Alijew-Prozess beginnt

In Wien beginnt heute der Prozess wegen des mutmaßlichen Doppelmordes an zwei Bankmanagern in Kasachstan vor acht Jahren. Angeklagt sind zwei Weggefährten des ehemaligen kasachischen Vizeaußenministers und Oligarchen Rachat Alijew, der tot in der U-Haft aufgefunden wurde. Die Verteidiger der noch übrigen zwei Angeklagten sehen die Anklage als ein "Lügengebäude". Die Staatsanwaltschaft hingegen schreibt von einer dichten Indizienkette.

Morgenjournal, 14.4.2015

Angefangen hat der kasachische Krimi ähnlich wie die Causa Hypo in Österreich - nämlich mit fragwürdigen Krediten. In diesem Fall vergeben durch Manager der kasachischen Nurbank. Rachat Alijew, der Mehrheitseigentümer der Nurbank hat den Managern laut Anklage vorgeworfen, sie hätten durch diese Kredite Millionen in die eigene Tasche gewirtschaftet. Das ist das mutmaßliche Motiv für den angeblichen Doppelmord. Gerichtssprecherin Christina Salzborn: "Den Angeklagten wird vorgeworfen, Manager der Nurbank entführt zu haben, diese misshandelt und verletzt zu haben, schließlich auch zur Überschreibung von Anteilen an der Bank genötigt zu haben und sie schließlich in bewusstem und gewollten Zusammenwirken mit dem verstorbenen Aliyev ermordet zu haben."

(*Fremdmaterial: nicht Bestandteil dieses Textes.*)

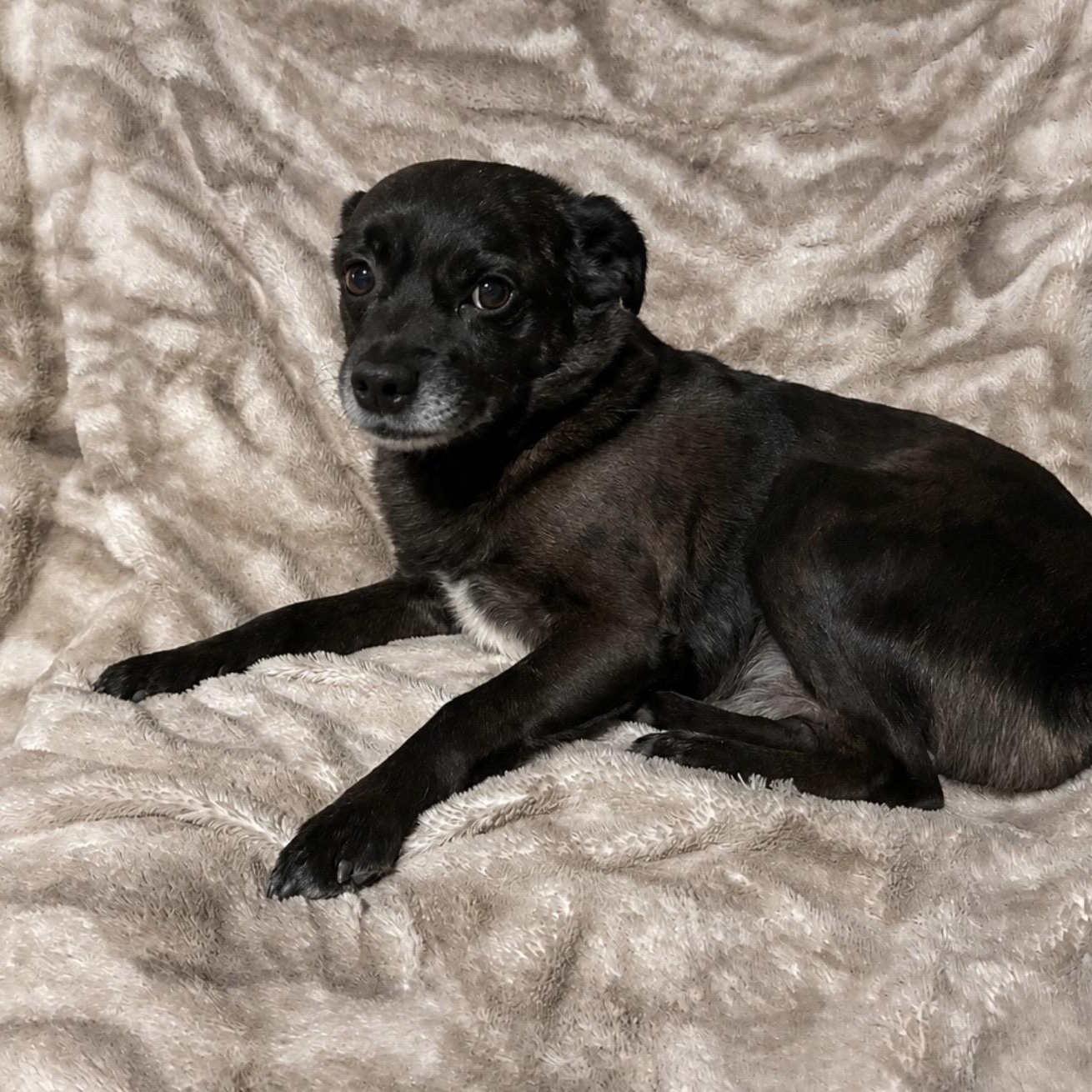 Enzo, a ADOPTABLE Mixed Breed in Pelham, NH image 3/6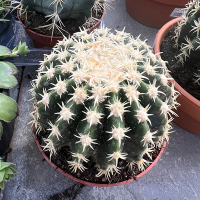 Ехінокактус grusonii brevispinus купить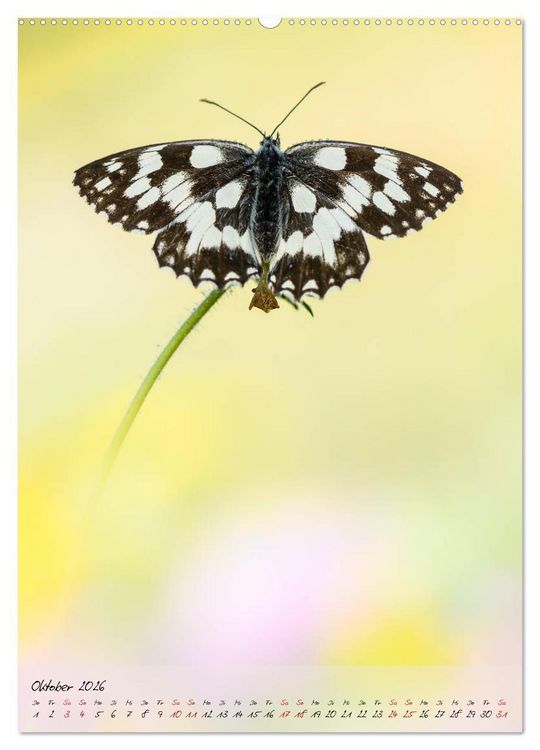 Produktbild: Kunterbuntes Gartenleben - Schmetterlinge in G&auml;rten und Parks (hochwertiger Premium Wandkalender 2026 DIN A2 hoch), Kunstdruck in Hochglanz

Zustande gekommen ist die Anklage unter massiver Mitarbeit von Anwalt Gabriel Lansky. Er wird im Prozess aber nicht auftreten. Denn die Staatsanwaltschaft ermittelt auch gegen ihn - wegen Verdachts der Zusammenarbeit mit dem kasachischen Geheimdienst zum Nachteil Österreichs. Sein Kompagnon Gerald Ganzger vertritt Lansky und die Bankmanager-Witwen: "Die Opfer haben wirklich mit unserer Hilfe Jahre gekämpft. Und man kann sich gar nicht vorstellen, was das für die beiden Witwen bedeutet. Sie haben endlich die Gelegenheit, auch den mutmaßlichen Mördern in die Augen sehen zu können."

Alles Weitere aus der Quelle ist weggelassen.